19.3 Exporting pseudo-bulked data to a SummarizedExperiment

Often times, we want to analyze our single-cell data as if it were bulk data to get around issues of sparsity. For example, you might want to use pseudo-bulk replicates when trying to understand “how does cluster X or cell type Y differ across cases and controls”. To enable this type of analysis, ArchR provides the getGroupSE() and getPBGroupSE() functions. These function will group your cells based on different parameters. getGroupSE() will group cells based on the values found in a column of cellColData. For example, you might want to get an SE containing information from each sample for each cluster. As you will remember from earlier chapters, you can add whatever information you want as new columns to cellColData and this can be helpful to create the grouping divisions that you want to extract with getGroupSE(). getPBGroupSE() is similar but it uses the exact pseudo-bulk cell groupings that were used in your ArchRProject to create coverage files, call peaks, etc. If the difference between these functions seems subtle, you should re-read the chapter on pseudo-bulks to understand the difference.

For example, if we wanted to create pseudo-bulk replicates based on Cluster and Sample, creating a single replicate for each sample x cluster combination, we could add a new column to cellColData representing this information:

projHeme5 <- addCellColData(ArchRProj = projHeme5, data = paste0(projHeme5@cellColData$Sample,"_x_",projHeme5@cellColData$Clusters2), name = "Clusters2_x_Sample", cells = getCellNames(projHeme5))
head(projHeme5@cellColData$Clusters2_x_Sample)
## [1] "scATAC_BMMC_R1_x_B"    "scATAC_BMMC_R1_x_NK"   "scATAC_BMMC_R1_x_PreB"
## [4] "scATAC_BMMC_R1_x_PreB" "scATAC_BMMC_R1_x_PreB" "scATAC_BMMC_R1_x_GMP"

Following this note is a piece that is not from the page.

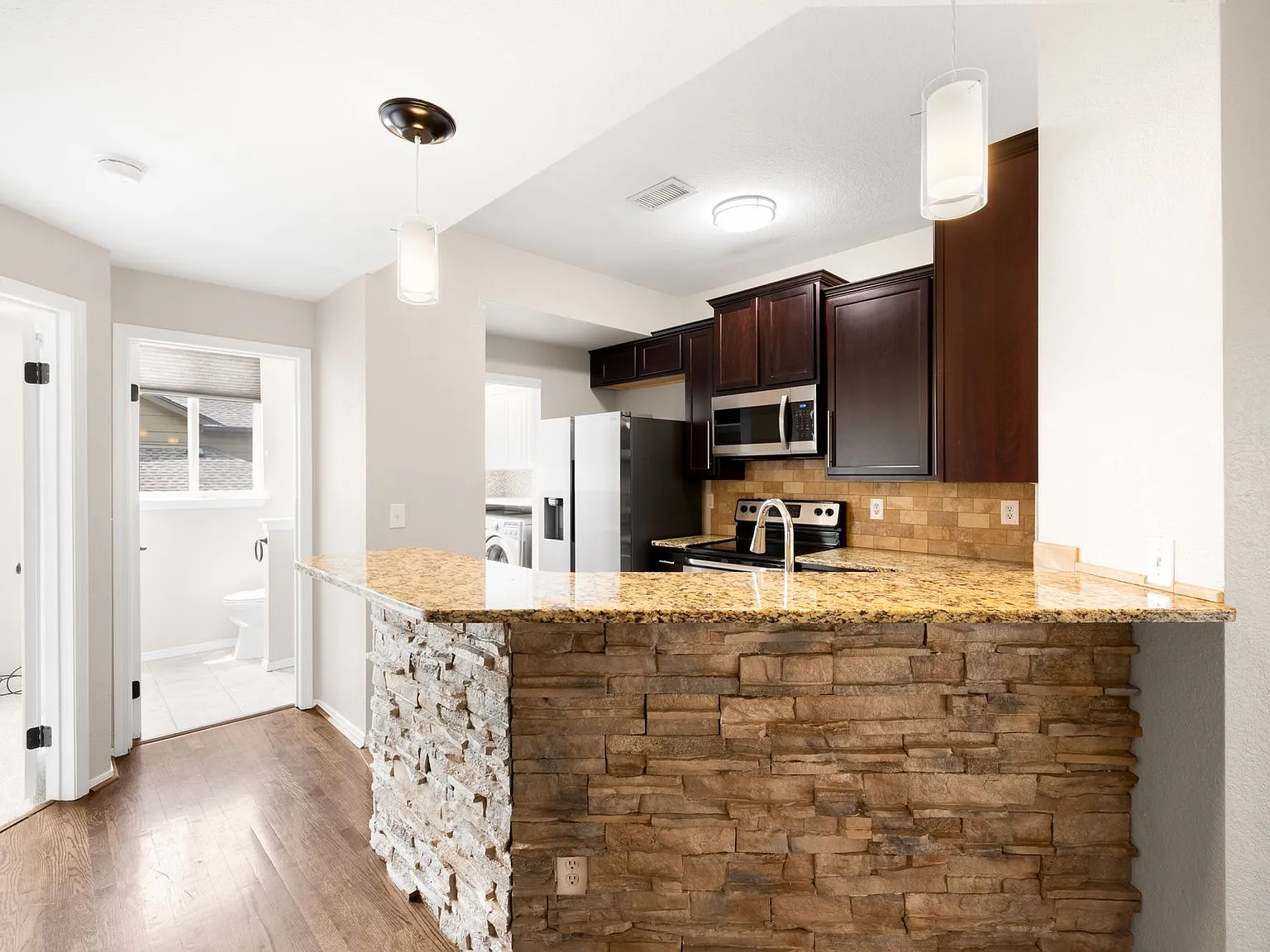3 bed, 2.5 bath, 1495 sqft, $2,950 — Photo 1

We can then use this column in cellColData as the groupBy parameter to getGroupSE() to get a SummarizedExperiment object containing a single column per sample x cluster combination:

groupSE <- getGroupSE(ArchRProj = projHeme5, useMatrix = "PeakMatrix", groupBy = "Clusters2_x_Sample")
## ArchR logging to : ArchRLogs/ArchR-getGroupSE-371b02380712b-Date-2022-12-23_Time-09-19-33.log
## If there is an issue, please report to github with logFile!
## Getting Group Matrix
## 2022-12-23 09:19:54 : Successfully Created Group Matrix, 0.295 mins elapsed.
## Normalizing by number of Cells
## ArchR logging successful to : ArchRLogs/ArchR-getGroupSE-371b02380712b-Date-2022-12-23_Time-09-19-33.log
dim(groupSE)
## [1] 142475     25
colnames(groupSE)
##  [1] "scATAC_BMMC_R1_x_B"               "scATAC_BMMC_R1_x_CD4.M"          
##  [3] "scATAC_BMMC_R1_x_CD4.N"           "scATAC_BMMC_R1_x_CLP"            
##  [5] "scATAC_BMMC_R1_x_Erythroid"       "scATAC_BMMC_R1_x_GMP"            
##  [7] "scATAC_BMMC_R1_x_Mono"            "scATAC_BMMC_R1_x_NK"             
##  [9] "scATAC_BMMC_R1_x_pDC"             "scATAC_BMMC_R1_x_PreB"           
## [11] "scATAC_BMMC_R1_x_Progenitor"      "scATAC_CD34_BMMC_R1_x_B"         
## [13] "scATAC_CD34_BMMC_R1_x_CLP"        "scATAC_CD34_BMMC_R1_x_Erythroid" 
## [15] "scATAC_CD34_BMMC_R1_x_GMP"        "scATAC_CD34_BMMC_R1_x_Mono"      
## [17] "scATAC_CD34_BMMC_R1_x_pDC"        "scATAC_CD34_BMMC_R1_x_Progenitor"
## [19] "scATAC_PBMC_R1_x_B"               "scATAC_PBMC_R1_x_CD4.M"          
## [21] "scATAC_PBMC_R1_x_CD4.N"           "scATAC_PBMC_R1_x_GMP"            
## [23] "scATAC_PBMC_R1_x_Mono"            "scATAC_PBMC_R1_x_NK"             
## [25] "scATAC_PBMC_R1_x_pDC"

getGroupSE() is capable of exporting any matrix to a SummarizedExperiment object.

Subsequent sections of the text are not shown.